Menyoal Proyek Food Estate dan Solusi dari Islam



Oleh: Sarah Fauziah Hartono 



Proyek food estate dinilai gagal mencapai ketahanan pangan dan justru membawa masalah sosial dan lingkungan (bcc.com, 18/10/2024). 

Di Merauke, Papua Selatan, proyek seluas 2,29 juta hektar untuk cetak sawah, perkebunan tebu, dan pabrik gula hanya mengulangi kegagalan proyek MIFEE pada era Presiden SBY, meninggalkan dampak negatif bagi masyarakat setempat. Di Kalimantan Tengah, lahan yang dibuka terbengkalai menjadi semak belukar atau beralih fungsi menjadi perkebunan sawit. 

Para petani menyerah setelah mengalami kegagalan panen berulang karena kurangnya pendampingan.
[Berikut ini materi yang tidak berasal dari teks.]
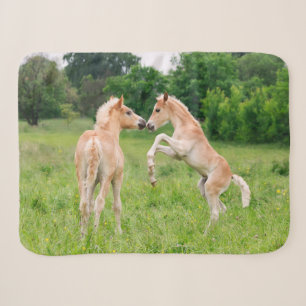 Manta Sherpa Haflinger Horses Cute Foals Amigos Rearing Photo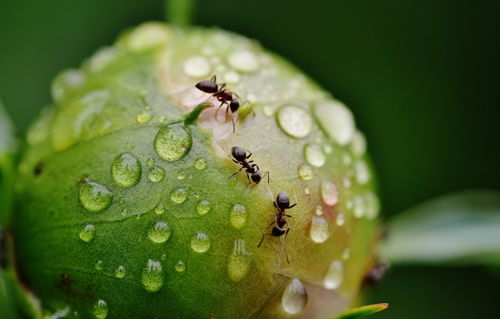 蚂蚁太强了 竟能嗅闻探测癌细胞 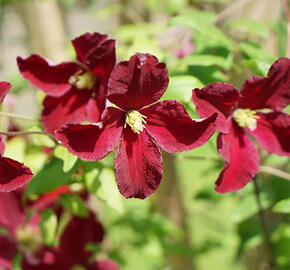 Plamének vlašský 'Vitiwester' - Clematis viticella 'Vitiwester'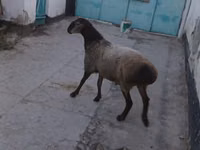 Ram, Sheep — photo 2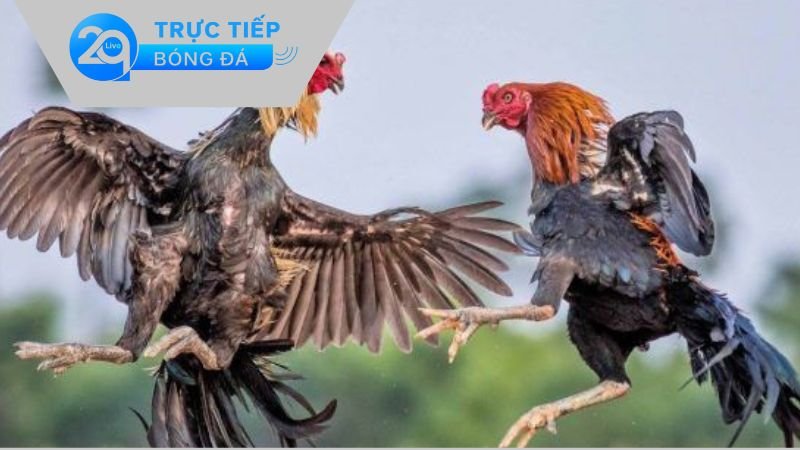 Đá Gà 2qlive – Khám Phá Thế Giới Chiến Kê Tuyệt Vời Nhất 3 Hướng dẫn tham gia cá cược với các chiến kê ở trên Đá Gà 2qlive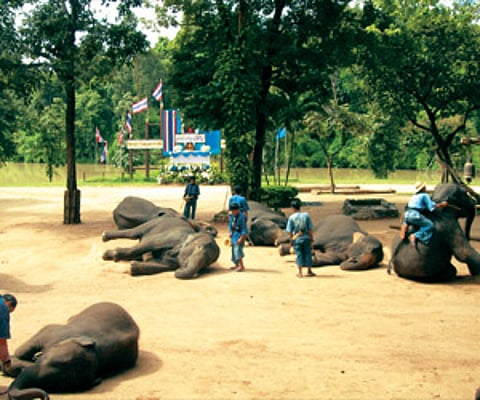 Escape from the bang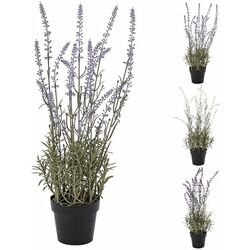 Planta artificiala H&S 49442 (Lavender) Thumb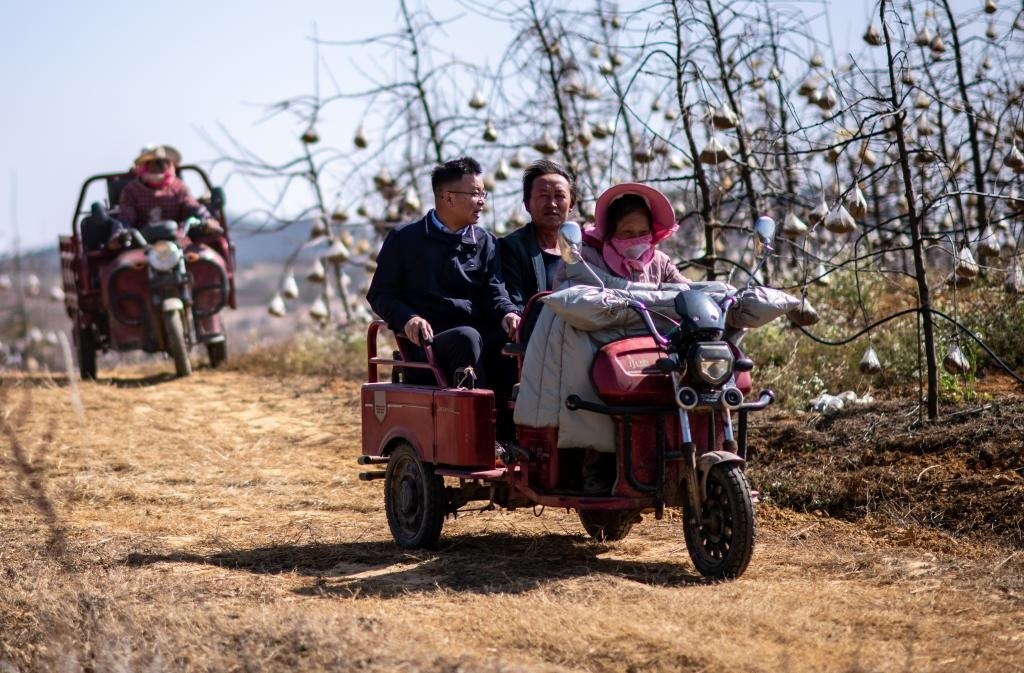 全國人大代表袁海波（右三）在云南省曲靖市馬龍區(qū)一種植基地了解務(wù)工人員就業(yè)需求（2023年2月11日攝）。新華社記者 江文耀 攝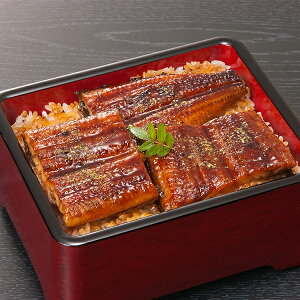 ΕMtg 2025  V EiM Ȃ Mtg Zbg lߍ킹 {uVyvȂĐؐg 200g Ⓚ 0130317wSKTx 񂹃O a j j 蕨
Proyek ini justru merusak lingkungan, mengancam pangan lokal, dan merampas ruang hidup masyarakat.

Salah satu faktor kegagalannya adalah ketidakcocokan lahan gambut untuk pertanian. Hanya 1% dari lahan tersebut yang sesuai untuk tanaman pangan, sementara padi yang dipaksakan membutuhkan lahan dengan keasaman netral. 

Minimnya pelibatan petani memperparah keadaan, karena proyek lebih fokus pada pembukaan lahan oleh kontraktor ketimbang memberikan bimbingan berkelanjutan. Akibatnya, hutan dibuka tanpa mempertimbangkan dampak lingkungan, meningkatkan risiko kebakaran hutan. Tanpa dukungan yang memadai, proyek ini akhirnya lebih menguntungkan korporasi dan elit daripada rakyat, dengan lahan gagal yang beralih menjadi perkebunan sawit.

Berbeda dengan kapitalisme yang berorientasi pada keuntungan korporasi, sistem Islam memprioritaskan kesejahteraan rakyat. Pemerintah berperan sebagai pelayan dan pelindung, memastikan kebutuhan pokok masyarakat terpenuhi. 

Pembangunan harus memperhatikan keberlanjutan lingkungan, keseimbangan alam, dan stabilitas sosial. Negara Islam mandiri dalam pendapatan dan tidak bergantung pada korporasi atau asing. Kebijakan pangan diatur berdasarkan Al-Qur’an dan As-Sunnah, memastikan produksi dan distribusi yang adil.

Dalam Islam, tanah dibagi menjadi milik individu, umum, dan negara. Hutan termasuk milik umum dan tidak boleh diserahkan kepada swasta untuk keuntungan pribadi. 

Negara wajib menjaga aset publik ini untuk kesejahteraan rakyat dan memberikan dukungan kepada petani berupa modal, sarana produksi, dan infrastruktur dengan biaya rendah atau gratis. Pembangunan dalam Islam bertujuan untuk kemaslahatan umat, di mana pemimpin menjalankan amanah yang akan dipertanggungjawabkan kepada Allah SWT. 

Proyek besar seperti food estate yang merusak lingkungan dan menguntungkan segelintir pihak tidak diperlukan dalam sistem Islam. Negara akan fokus pada kebijakan adil yang memastikan kesejahteraan rakyat tanpa mengorbankan lingkungan. 

Dengan penerapan Islam secara kaffah, negara dapat menjamin kebutuhan pokok setiap warga, mengelola sumber daya alam dengan adil, dan mewujudkan kedaulatan pangan yang berkelanjutan.